# Analyzing CIA Factbook Data Using SQL

In this project, we'll work with data from the [CIA World Factbook](https://www.cia.gov/library/publications/the-world-factbook/), a compendium of statistics about all of the countries on Earth. The Factbook contains demographic information like:

- population - The population as of 2015.
- population_growth - The annual population growth rate, as a percentage.
- area - The total land and water area.

The SQLite database, factbook.db, is available in the repository.

We use the following code to connect our Jupyter Notebook to our database file:

In [1]:
%%capture
%load_ext sql
%sql sqlite:///factbook.db

Note that we must use %%sql in every SQL cell, or else the code will be read as iPython.

## Overview of the Data

In [2]:
%%sql
SELECT *
FROM sqlite_master 
WHERE type='table';

 * sqlite:///factbook.db
Done.


type,name,tbl_name,rootpage,sql
table,sqlite_sequence,sqlite_sequence,3,"CREATE TABLE sqlite_sequence(name,seq)"
table,facts,facts,47,"CREATE TABLE ""facts"" (""id"" INTEGER PRIMARY KEY AUTOINCREMENT NOT NULL, ""code"" varchar(255) NOT NULL, ""name"" varchar(255) NOT NULL, ""area"" integer, ""area_land"" integer, ""area_water"" integer, ""population"" integer, ""population_growth"" float, ""birth_rate"" float, ""death_rate"" float, ""migration_rate"" float)"


## Summarizing the Data

In [3]:
%%sql 
SELECT *
FROM facts 
LIMIT 5;

 * sqlite:///factbook.db
Done.


id,code,name,area,area_land,area_water,population,population_growth,birth_rate,death_rate,migration_rate
1,af,Afghanistan,652230,652230,0,32564342,2.32,38.57,13.89,1.51
2,al,Albania,28748,27398,1350,3029278,0.3,12.92,6.58,3.3
3,ag,Algeria,2381741,2381741,0,39542166,1.84,23.67,4.31,0.92
4,an,Andorra,468,468,0,85580,0.12,8.13,6.96,0.0
5,ao,Angola,1246700,1246700,0,19625353,2.78,38.78,11.49,0.46



Here are the descriptions for some of the columns:

- name - The name of the country.
- area - The total land and sea area of the country.
- population - The country's population.
- population_growth- The country's population growth as a percentage.
- birth_rate - The country's birth rate, or the number of births a year per 1,000 people.
- death_rate - The country's death rate, or the number of death a year per 1,000 people.
- area- The country's total area (both land and water).
- area_land - The country's land area in square kilometers.
- area_water - The country's waterarea in square kilometers.

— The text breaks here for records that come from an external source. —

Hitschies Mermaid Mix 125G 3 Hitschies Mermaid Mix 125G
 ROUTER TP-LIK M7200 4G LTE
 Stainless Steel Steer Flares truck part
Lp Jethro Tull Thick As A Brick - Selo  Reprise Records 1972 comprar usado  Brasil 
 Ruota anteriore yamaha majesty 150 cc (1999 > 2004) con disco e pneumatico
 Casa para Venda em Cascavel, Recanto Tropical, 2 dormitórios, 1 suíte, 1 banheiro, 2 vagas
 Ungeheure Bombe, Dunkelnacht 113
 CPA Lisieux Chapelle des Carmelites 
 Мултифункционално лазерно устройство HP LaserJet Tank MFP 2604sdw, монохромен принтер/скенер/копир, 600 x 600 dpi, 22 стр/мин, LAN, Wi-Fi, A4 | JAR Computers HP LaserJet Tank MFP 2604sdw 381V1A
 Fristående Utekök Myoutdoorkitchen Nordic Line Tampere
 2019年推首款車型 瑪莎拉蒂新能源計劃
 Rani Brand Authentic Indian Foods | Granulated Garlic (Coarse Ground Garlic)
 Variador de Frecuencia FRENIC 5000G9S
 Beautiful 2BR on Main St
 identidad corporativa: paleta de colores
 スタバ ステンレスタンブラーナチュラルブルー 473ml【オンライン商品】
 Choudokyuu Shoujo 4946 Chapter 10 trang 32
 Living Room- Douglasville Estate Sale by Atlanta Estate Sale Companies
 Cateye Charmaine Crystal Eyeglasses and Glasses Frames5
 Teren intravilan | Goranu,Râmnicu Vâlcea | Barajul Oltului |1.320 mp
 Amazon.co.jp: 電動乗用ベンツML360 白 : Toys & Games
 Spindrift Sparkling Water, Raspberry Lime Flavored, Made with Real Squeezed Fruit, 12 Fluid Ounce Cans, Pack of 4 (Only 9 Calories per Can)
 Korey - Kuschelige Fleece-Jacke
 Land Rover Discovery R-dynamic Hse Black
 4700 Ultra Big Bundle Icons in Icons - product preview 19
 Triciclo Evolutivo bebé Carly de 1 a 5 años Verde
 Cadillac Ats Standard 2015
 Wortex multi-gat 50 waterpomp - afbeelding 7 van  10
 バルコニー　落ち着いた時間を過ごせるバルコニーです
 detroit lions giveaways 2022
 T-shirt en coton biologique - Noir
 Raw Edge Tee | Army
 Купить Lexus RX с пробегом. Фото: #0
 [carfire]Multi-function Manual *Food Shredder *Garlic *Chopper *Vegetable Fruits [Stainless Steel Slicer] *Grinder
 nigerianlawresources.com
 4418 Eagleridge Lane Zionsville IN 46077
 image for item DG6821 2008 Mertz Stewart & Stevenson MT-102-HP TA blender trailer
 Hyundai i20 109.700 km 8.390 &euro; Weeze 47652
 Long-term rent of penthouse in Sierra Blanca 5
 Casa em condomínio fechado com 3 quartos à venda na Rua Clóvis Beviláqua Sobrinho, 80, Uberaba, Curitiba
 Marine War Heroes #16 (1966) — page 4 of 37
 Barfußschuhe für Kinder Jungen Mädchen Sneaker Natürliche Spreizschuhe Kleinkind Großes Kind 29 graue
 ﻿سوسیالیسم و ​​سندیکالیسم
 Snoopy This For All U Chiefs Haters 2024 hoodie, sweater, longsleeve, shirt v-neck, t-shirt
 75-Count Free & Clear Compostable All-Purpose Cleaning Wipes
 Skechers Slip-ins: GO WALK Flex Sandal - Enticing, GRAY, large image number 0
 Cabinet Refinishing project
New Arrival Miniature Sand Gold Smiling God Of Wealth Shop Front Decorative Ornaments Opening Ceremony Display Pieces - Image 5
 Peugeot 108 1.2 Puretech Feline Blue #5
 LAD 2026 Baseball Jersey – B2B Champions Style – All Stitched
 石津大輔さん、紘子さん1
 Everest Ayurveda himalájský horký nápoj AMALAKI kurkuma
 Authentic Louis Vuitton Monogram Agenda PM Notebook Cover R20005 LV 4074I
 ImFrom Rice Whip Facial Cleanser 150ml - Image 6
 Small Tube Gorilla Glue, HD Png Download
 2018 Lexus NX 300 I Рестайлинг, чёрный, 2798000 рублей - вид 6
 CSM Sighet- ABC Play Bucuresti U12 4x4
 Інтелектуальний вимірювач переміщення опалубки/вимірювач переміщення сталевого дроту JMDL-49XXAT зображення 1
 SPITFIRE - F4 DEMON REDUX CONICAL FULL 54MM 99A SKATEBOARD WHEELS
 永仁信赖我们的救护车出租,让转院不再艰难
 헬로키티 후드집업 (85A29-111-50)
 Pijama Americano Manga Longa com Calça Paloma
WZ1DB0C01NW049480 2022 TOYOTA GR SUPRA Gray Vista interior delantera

Let's start by calculating some summary statistics and look for any outlier countries.

## Identifying Outliers

In [4]:
%%sql
SELECT MIN(population) 'min_pop', MAX(population) 'max_pop', MIN(population_growth) 'min_pop_growth', MAX(population_growth) 'max_pop_growth'
FROM facts;

 * sqlite:///factbook.db
Done.


min_pop,max_pop,min_pop_growth,max_pop_growth
0,7256490011,0.0,4.02


A few things stick out from the summary statistics:

- there's a country with a population of 0
- there's a country with a population of 7256490011 (or more than 7.2 billion people)

So we find the countries with 0 population and maximum population.

In [5]:
%%sql
SELECT name
FROM facts 
WHERE population = (SELECT MIN(population)
                   FROM facts);

 * sqlite:///factbook.db
Done.


name
Antarctica


In [6]:
%%sql
SELECT name
FROM facts 
WHERE population = (SELECT MAX(population)
                   FROM facts);

 * sqlite:///factbook.db
Done.


name
World


It seems like the table contains a row for the whole world, which explains the population of over 7.2 billion. It also seems like the table contains a row for Antarctica, which explains the population of 0.

We move on to calculating Averages now.

In [7]:
%%sql
SELECT ROUND(AVG(population), 2) 'avg_pop', ROUND(AVG(area), 2) 'avg_area'
FROM facts;

 * sqlite:///factbook.db
Done.


avg_pop,avg_area
62094928.32,555093.55


We will now identify the countries that have:
- above average values for population
- below average values for area


### Countries with population more than average population

In [8]:
%%sql
SELECT name
FROM facts
WHERE population > (SELECT AVG(population)
                   FROM facts);

 * sqlite:///factbook.db
Done.


name
Bangladesh
Brazil
China
"Congo, Democratic Republic of the"
Egypt
Ethiopia
France
Germany
India
Indonesia


### Countries with area less than average area

In [9]:
%%sql
SELECT name
FROM facts
WHERE area < (SELECT AVG(area)
                   FROM facts);

 * sqlite:///factbook.db
Done.


name
Albania
Andorra
Antigua and Barbuda
Armenia
Austria
Azerbaijan
"Bahamas, The"
Bahrain
Bangladesh
Barbados


## Exploring water to land ratios

In [10]:
%%sql
SELECT name, CAST(area_water as float)/area_land 'ratio_w:l'
FROM facts;

 * sqlite:///factbook.db
Done.


name,ratio_w:l
Afghanistan,0.0
Albania,0.0492736696109205
Algeria,0.0
Andorra,0.0
Angola,0.0
Antigua and Barbuda,0.0
Argentina,0.0159718492046961
Armenia,0.0546041201290642
Australia,0.0076695781211355
Austria,0.0172963794044514


### Countries with more water than land

In [11]:
%%sql
SELECT name
FROM facts
WHERE area_water > area_land;

 * sqlite:///factbook.db
Done.


name
British Indian Ocean Territory
Virgin Islands


### Countries with the most population growth

In [12]:
%%sql
SELECT name, population_growth
FROM facts
ORDER BY population_growth DESC
LIMIT 5;

 * sqlite:///factbook.db
Done.


name,population_growth
South Sudan,4.02
Malawi,3.32
Burundi,3.28
Niger,3.25
Uganda,3.24


### Countries with more death rate than birth rate

In [13]:
%%sql
SELECT name
FROM facts
WHERE death_rate > birth_rate;

 * sqlite:///factbook.db
Done.


name
Austria
Belarus
Bosnia and Herzegovina
Bulgaria
Croatia
Czech Republic
Estonia
Germany
Greece
Hungary